Obama's speeches are worth paying attention to because their relentless moralism makes clear what he's trying to do -- cover with smooth names the contradictions between the interests of the few and those of the many in this country. He's smart enough both to know that's the problem and strenuously to pretend that the problem doesn't exist. (Harvard, as it has for centuries, is in the business of educating the progeny of the ruling class and -- perhaps more importantly -- talented members of other classes who'll run errands for them.)
David Brooks (praising) today accurately describes Obama's speeches: they are "abstract, secular sermons of personal uplift -- filled with disquisitions on the nature of hope and the contours of change. He talks about erasing old categories like red and blue (and implicitly, black and white) and replacing them with new categories, of which the most important are new and old."
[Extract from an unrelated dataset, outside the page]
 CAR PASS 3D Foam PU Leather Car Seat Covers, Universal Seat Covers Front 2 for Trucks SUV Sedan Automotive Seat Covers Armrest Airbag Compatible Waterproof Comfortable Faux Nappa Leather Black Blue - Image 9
It's all balderdash, of course. But it's well-said that "Obama's post-everything, togetherness-via-neoliberalism message of ambiguously described tomorrowhood may indeed be the next phase of American power politics." It's instructive that, of the the two winners in Iowa, the Republican is by far the more vocal opponent of Wall Street. --CGE
Charles Brown wrote:
>
> ...
> Voting for Obama is an anti-fascist act? Tell it to the Pakistanis.
>
> ^^^^
> CB: Why don't you pass it on to them. Let them know I said it. In fact
> , tell the whole world: It's an anti-fascist leading indicator when a
> bunch of white Americans vote for a Black person. I mean a normal Black
> person, not Condeleeza Rice that type.
>
> ^^^^
>
> Nice to know that major agri-business firms, among other corporate
> backers, are part of the Good Fight as well.